Haugesund, an idyllic small town by the Norwegian west coast in the mid-nineties. Susanne Sundfør likes growing up here. The astute ten year old’s favorite hangout is the library, for she loves to immerse herself in books. She also enjoys the cinema, and withdrawing to her parents little cabin with her dad's tapes of a-ha and Cat Stevens. Susanne is having piano lessons as well. Proudly she presented her first composition to her teacher. “She told me to learn the piano properly first.“

An episode, which 25-year old Susanne has had to re-tell again and again. So often in fact, that the pianist and songwriter –the early discouragement would not put her off eventually – has been quoted as saying; „I feel a bit sorry for her, because so many people have picked up on it. It was only a silly piano tune. I don't think she was really at fault.“ 

It is still a great way  to introduce Susanne Sundfør, darling of the critics. The artist that collects awards as well as chart hits and about whom the national newspaper Dagbladet wrote: “Norways other young artists have to cry when they hear her, so far is she ahead of them.”

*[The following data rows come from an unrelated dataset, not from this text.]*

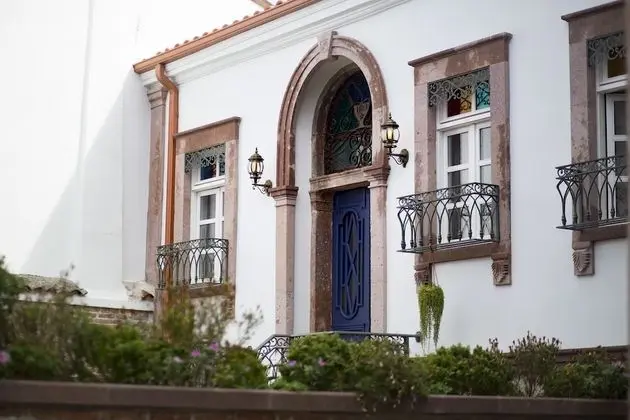 CavliHane 1885 - Dış Mekan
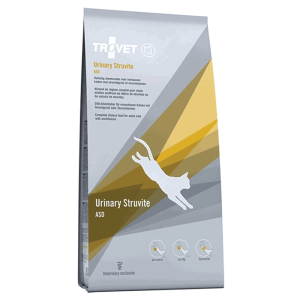 Trovet Urinary Struvite Cat - 500 g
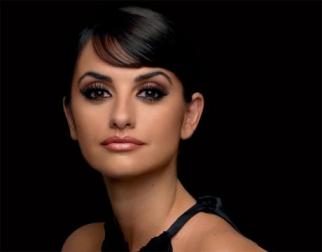 Penélope Cruz firma los proyectos a pares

That daily newspaper is not exaggerating. We can hear that on The Brothel (2010). This is a record unlike any you have heard before. It is artistic. It is deep. It is ambient. It is exotic. It is brimming with tension. Piano-lines fight against and melt into woodwind to suddenly burst into industrial samples. We hear ensembles of strings and sounds from the hard drive harmonize with arabian harmonies (“Turkish Delight”) or choral hymns (“Father Father”). Above all this: Susanne’s voice. She is belting, she is soothing, wallowing, whispering and wailing. She always hits the perfect tone in this enchanted world of sound of hers.

The record has been a turning point for Susanne Sundfør, not only because it is the first to be released outside her home country. “I don't think I really decided that I really wanted to to dedicate my life to making music until I was 22, when i finished my last album. Before I wasn't sure if maybe I did want a normal job.” So Susanne would immerse herself even more deeply in the creation of her third album, collaborating with some of the biggest names of the Norwegian scene happy to lend a hand.